# What you should do
For the listing below, output exactly the lines from the line with "Raw Stone Unshape" up to and including the line with "AXA Veiligheidsbeslag Oval", and no other lines.
::: Data under study :::
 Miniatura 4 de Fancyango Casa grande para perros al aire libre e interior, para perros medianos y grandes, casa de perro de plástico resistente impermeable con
:::
::: Data under study :::
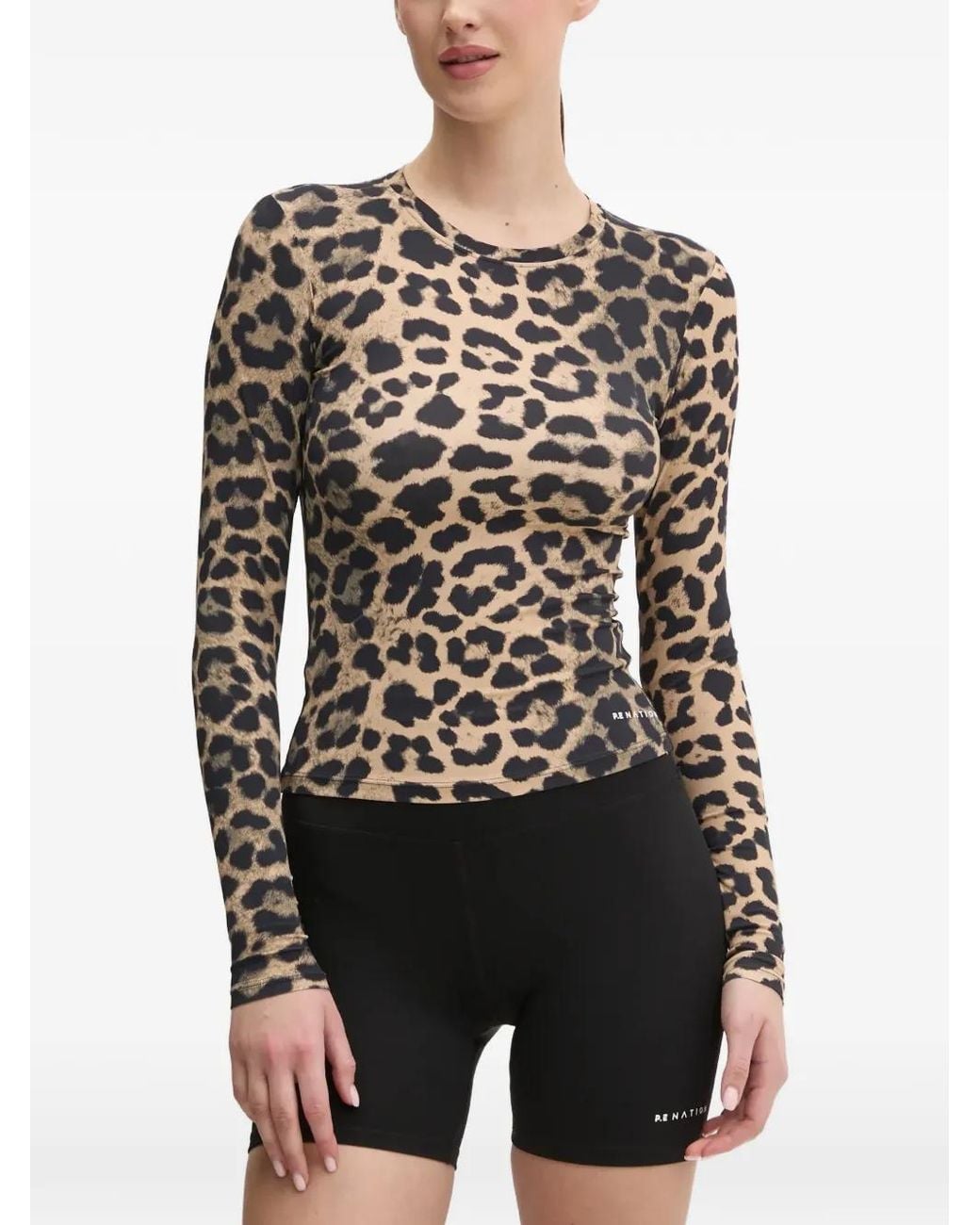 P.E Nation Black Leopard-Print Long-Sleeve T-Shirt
:::
::: Data under study :::
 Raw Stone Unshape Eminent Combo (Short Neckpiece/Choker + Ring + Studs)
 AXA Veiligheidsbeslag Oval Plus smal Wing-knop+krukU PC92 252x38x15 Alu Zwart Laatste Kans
:::
# Reply
 Raw Stone Unshape Eminent Combo (Short Neckpiece/Choker + Ring + Studs)
 AXA Veiligheidsbeslag Oval Plus smal Wing-knop+krukU PC92 252x38x15 Alu Zwart Laatste Kans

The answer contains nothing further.